* [Exercise directions]: Within the records, tally the lines that contain "visit" and reply with that number only.
*** Opening of Material provided ***
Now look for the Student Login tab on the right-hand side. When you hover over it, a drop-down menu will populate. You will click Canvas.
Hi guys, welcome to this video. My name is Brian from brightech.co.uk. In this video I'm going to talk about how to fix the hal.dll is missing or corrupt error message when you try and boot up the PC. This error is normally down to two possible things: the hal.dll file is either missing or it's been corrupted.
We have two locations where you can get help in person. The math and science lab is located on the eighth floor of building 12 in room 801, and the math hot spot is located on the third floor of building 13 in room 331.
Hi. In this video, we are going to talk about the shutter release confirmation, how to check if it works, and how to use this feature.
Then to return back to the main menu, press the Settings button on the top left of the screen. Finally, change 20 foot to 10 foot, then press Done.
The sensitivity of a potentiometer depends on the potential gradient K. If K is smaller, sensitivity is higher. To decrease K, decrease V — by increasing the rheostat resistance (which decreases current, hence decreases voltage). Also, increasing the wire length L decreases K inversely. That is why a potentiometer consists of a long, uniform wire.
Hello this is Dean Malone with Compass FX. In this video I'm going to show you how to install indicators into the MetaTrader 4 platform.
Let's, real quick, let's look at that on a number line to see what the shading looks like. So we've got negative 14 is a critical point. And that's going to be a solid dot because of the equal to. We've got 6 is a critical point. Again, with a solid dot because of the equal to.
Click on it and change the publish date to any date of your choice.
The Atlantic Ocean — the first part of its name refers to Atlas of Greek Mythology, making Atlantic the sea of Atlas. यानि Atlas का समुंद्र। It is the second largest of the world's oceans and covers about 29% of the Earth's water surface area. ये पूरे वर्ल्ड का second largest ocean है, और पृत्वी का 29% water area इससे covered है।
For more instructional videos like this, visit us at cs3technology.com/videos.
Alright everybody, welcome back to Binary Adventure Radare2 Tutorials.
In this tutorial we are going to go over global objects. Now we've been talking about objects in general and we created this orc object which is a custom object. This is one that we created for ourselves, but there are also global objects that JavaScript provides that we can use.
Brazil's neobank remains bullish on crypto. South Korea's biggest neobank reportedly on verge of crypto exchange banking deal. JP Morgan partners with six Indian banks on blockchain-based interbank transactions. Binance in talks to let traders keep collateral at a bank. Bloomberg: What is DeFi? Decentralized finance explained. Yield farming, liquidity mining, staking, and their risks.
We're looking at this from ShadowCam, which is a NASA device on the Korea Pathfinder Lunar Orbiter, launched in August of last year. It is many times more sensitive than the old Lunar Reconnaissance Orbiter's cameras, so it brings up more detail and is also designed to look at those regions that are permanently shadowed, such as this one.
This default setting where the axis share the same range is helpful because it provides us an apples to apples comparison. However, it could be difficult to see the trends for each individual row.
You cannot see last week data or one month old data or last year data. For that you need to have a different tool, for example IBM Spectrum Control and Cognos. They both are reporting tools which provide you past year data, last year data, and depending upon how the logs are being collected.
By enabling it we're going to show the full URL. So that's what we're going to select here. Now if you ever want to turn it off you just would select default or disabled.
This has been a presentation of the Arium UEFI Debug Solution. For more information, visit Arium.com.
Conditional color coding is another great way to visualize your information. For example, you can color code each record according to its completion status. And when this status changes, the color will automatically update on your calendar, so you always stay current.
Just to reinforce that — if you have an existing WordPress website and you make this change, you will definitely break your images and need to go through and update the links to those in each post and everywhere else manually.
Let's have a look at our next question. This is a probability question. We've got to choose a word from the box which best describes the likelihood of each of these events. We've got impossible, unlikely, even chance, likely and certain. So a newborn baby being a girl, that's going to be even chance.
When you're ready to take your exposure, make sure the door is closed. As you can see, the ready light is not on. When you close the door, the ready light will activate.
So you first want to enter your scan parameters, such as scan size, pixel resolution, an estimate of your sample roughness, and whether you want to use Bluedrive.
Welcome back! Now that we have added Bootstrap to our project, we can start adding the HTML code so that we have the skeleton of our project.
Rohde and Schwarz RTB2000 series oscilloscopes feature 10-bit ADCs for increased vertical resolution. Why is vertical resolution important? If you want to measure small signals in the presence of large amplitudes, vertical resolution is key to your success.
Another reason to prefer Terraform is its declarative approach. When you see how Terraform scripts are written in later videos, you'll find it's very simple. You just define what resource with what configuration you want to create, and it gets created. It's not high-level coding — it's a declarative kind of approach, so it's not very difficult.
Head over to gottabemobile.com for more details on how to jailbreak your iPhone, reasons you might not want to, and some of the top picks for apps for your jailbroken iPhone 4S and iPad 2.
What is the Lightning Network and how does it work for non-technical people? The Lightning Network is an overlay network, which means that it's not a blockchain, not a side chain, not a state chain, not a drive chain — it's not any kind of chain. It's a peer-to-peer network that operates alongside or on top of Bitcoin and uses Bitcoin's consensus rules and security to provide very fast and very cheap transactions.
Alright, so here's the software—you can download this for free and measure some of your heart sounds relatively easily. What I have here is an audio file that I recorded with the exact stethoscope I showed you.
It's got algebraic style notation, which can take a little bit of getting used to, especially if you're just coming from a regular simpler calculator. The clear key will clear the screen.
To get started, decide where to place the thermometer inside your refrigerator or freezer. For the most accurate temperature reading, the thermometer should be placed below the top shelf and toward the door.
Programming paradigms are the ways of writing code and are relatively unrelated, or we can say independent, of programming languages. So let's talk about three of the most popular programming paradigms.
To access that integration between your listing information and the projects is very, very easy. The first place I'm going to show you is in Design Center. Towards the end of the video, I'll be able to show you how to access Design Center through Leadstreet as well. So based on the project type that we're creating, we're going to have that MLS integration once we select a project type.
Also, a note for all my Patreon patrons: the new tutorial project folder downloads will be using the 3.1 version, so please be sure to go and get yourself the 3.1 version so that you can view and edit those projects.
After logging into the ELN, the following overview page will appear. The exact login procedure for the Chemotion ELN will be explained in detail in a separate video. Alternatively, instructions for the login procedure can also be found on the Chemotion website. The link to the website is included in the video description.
*** Close of Material provided ***
* [Exercise response]: 2